As a side note there is also this:
The Pope of K-Street Catholicizes The Newt - via Wiki:
C. John McCloskey, III is a Catholic priest and member of Opus Dei. He is the former director of the Catholic Information Center of the Archdiocese of Washington. He worked on Wall Street - Citibank and Merrill Lynch - for some years before becoming a priest, being ordained in 1981 by Cardinal Roger Etchegaray.
Fr. McCloskey is perhaps best known for having helped many people convert to Catholicism, including Newt Gingrich...
From Slate dot com - 2002
...McCloskey has become one of the nation's most prominent priestly pundits, espousing his doctrinaire conservatism (in matters of faith, not politics) on Meet the Press, The O'Reilly Factor, Crossfire, NPR's All Things Considered, and Tim Russert's hourlong CNBC show. He chats on television with Greta Van Susteren, Paula Zahn, and Tony Snow and is quoted by USA Today, the Washington Post, and the New York Times. Like all good advocates, he's relentlessly on-message: The Catholic Church, he says, will be revitalized by a traditionalist return to its roots, not through liberalization.

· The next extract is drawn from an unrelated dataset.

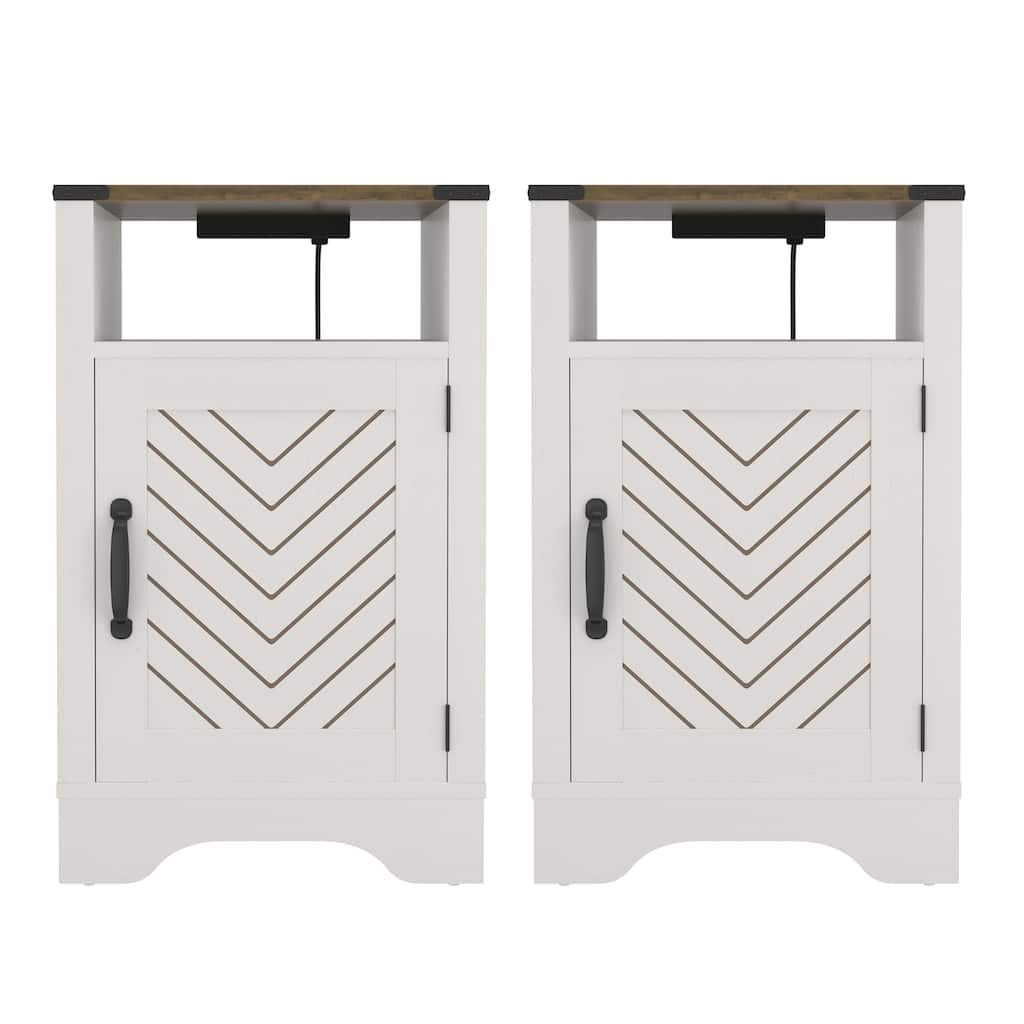 Rustic Wooden Nightstand with Charging Station, Ample Storage, and Easy Assembly - White & Oak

It's a two-pronged strategy: Bring in conservative evangelical Protestants like Brownback while at the same time casting out liberal Catholics of all stripes. McCloskey is the anti-Garry Wills, telling American Catholics who dissent from some church teachings why you aren't a Catholic. "A liberal Catholic is oxymoronic," he says. "The definition of a person who disagrees with what the Catholic Church is teaching is called a Protestant." The Catholic Information Center, which McCloskey calls D.C.'s "downtown center of evangelization" for Catholicism, features a chapel and a bookstore that promotes McCloskey's views. Displayed prominently in the window at 1501 K St. is Goodbye, Good Men: How Liberals Brought Corruption Into the Catholic Church, Michael S. Rose's controversial book on homosexuality in Catholic seminaries.
McCloskey is a native Washingtonian, an Ivy Leaguer who graduated from Columbia and a former Wall Streeter who worked at Citibank and Merrill Lynch. As a result, he travels comfortably in elite circles, and his ministry is focused on them: on young priests and seminarians (the intellectual elite in many Catholic communities), on college students at elite universities and "strong countercultural" Catholic institutions, and on "opinion-makers and people of influence." The self-described supply-sider has a top-down strategy to transform the culture, too. He wants to turn Blue America into Red. As McCloskey wrote in an essay last year for Catholic World Report, "[I]n the first several centuries of Christianity the Gospel was most successfully preached not to the poor and the outcasts, but rather to the prosperous middle classes and educated upper classes in the cities."
That focus on elites is a hallmark of Opus Dei, the conservative Catholic society to which McCloskey belongs. [...]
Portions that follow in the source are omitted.